SOURCE DATA »
>>>>
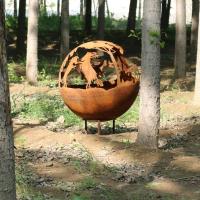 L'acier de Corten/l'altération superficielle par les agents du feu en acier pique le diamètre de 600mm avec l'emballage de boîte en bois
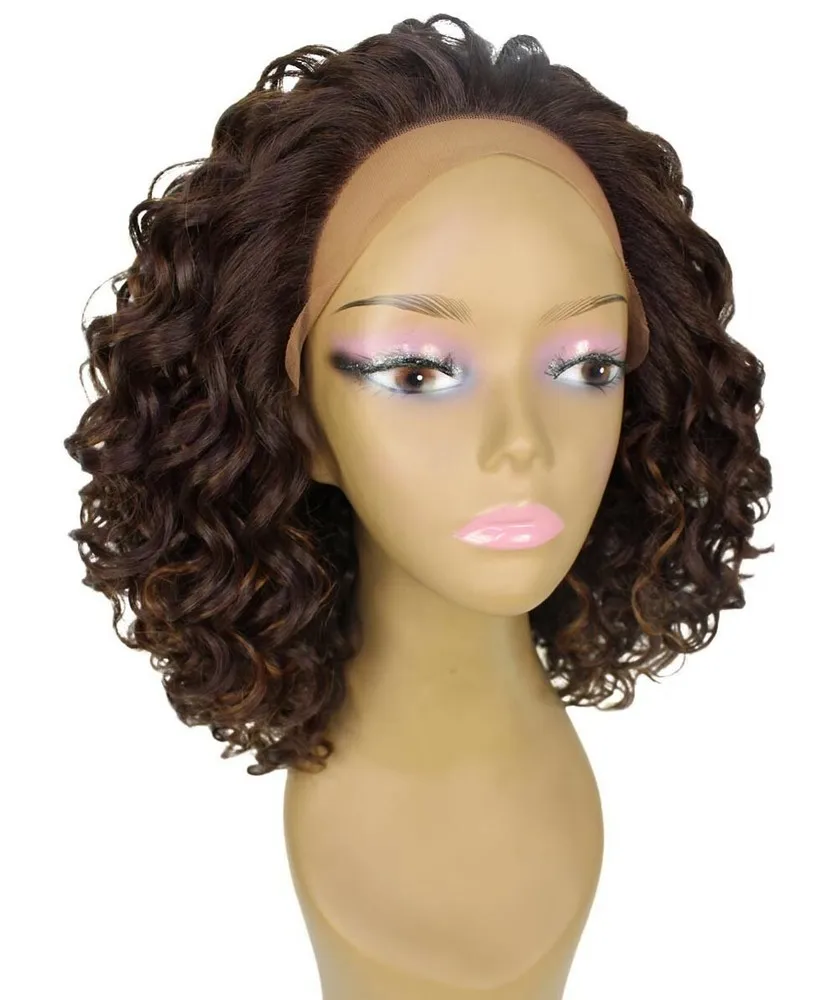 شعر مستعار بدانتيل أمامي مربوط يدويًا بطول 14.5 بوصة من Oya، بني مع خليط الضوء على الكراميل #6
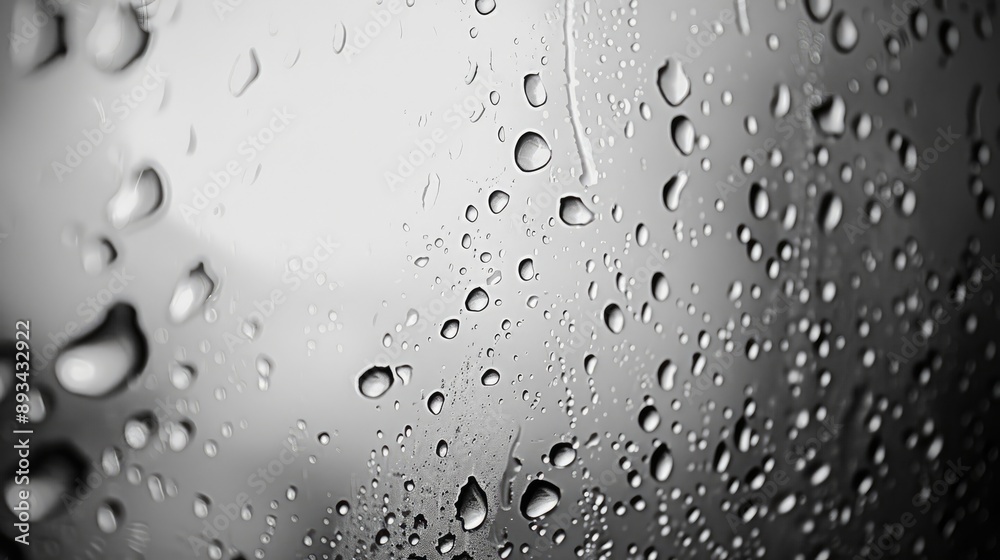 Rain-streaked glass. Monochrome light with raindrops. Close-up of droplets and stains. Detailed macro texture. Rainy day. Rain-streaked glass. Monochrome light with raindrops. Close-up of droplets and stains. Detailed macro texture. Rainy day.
<<<<
>>>>
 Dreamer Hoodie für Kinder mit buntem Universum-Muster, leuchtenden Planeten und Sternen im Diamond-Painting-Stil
<<<<
Return exactly the stretch above whose first line contains "L'acier de Corten/l'altération" and whose last line contains "Rainy day. Rain-streaked", and nothing outside it. The pictures should not appear.

RESULT OF THIS TASK »
 L'acier de Corten/l'altération superficielle par les agents du feu en acier pique le diamètre de 600mm avec l'emballage de boîte en bois
 شعر مستعار بدانتيل أمامي مربوط يدويًا بطول 14.5 بوصة من Oya، بني مع خليط الضوء على الكراميل #6
 Rain-streaked glass. Monochrome light with raindrops. Close-up of droplets and stains. Detailed macro texture. Rainy day. Rain-streaked glass. Monochrome light with raindrops. Close-up of droplets and stains. Detailed macro texture. Rainy day.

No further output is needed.